À Genève et Lausanne, des décideurs économiques constatent cependant le besoin de renouveler un tissu économique vieillissant, et les difficultés que connaissent les jeunes entrepreneurꞏeuses. Quelques initiatives voient le jour.
Mais c’est la rencontre de deux esprits visionnaires, innovants et parfaitement complémentaires, Anne Southam Aulas, issue d’une famille de capital-risqueurs, et Armand Lombard, associé de la Banque Lombard Odier, qui va servir de catalyseur à la naissance de GENILEM. Entretien.
Avant de parler de GENILEM, évoquons votre rencontre et votre complémentarité : qu’est-ce qui explique votre collaboration si fructueuse et efficace ?
Armand Lombard : J’étais associé au sein de la Banque Lombard Odier et j’étais en recherche d’innovation, de renouveau dans mon métier.

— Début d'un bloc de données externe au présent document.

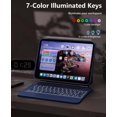 thumbnail image 6 of Detachable Keyboard Case with Floating Cantilever Stand for iPad 10th/11th Gen A16, 7-Color Backlight & Smart Trackpad,Blue, 6 of 9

Rien n’existait pour accompagner les entreprises, et leur taux de mortalité était élevé, j’avais conscience qu’il fallait travailler sur ce problème. J’ai rencontré Anne en 1993 dans le cadre du Parti Libéral où j’étais en campagne (pour être député au grand conseil de Genève, NDLR), et nous nous sommes rapidement très bien entendus. Nous avons d’abord évoqué l’idée d’une microbourse…
Anne Southam Aulas : À cette époque, j’avais déjà démarré plusieurs entreprises et constaté que le parcours était toujours le même, quel que soit le secteur. J’ai alors cherché à modéliser les étapes d’un démarrage et visité des pépinières françaises. Novacité à Lyon disposait d’un modèle et d’outils d’accompagnement très novateurs, initiés par Denis Feuillant, avec un taux de réussite de plus de 90 % à 3 ans. J’ai échangé avec Armand autour de ce sujet et nous avons organisé un voyage sur place avec une équipe de députés genevois.
Rien n’existait, mais l’idée d’un soutien était dans l’air.
L’idée de soutien à l’entrepreneuriat, calqué sur le modèle lyonnais, a donc rapidement été acceptée dans le contexte politique de l’époque ?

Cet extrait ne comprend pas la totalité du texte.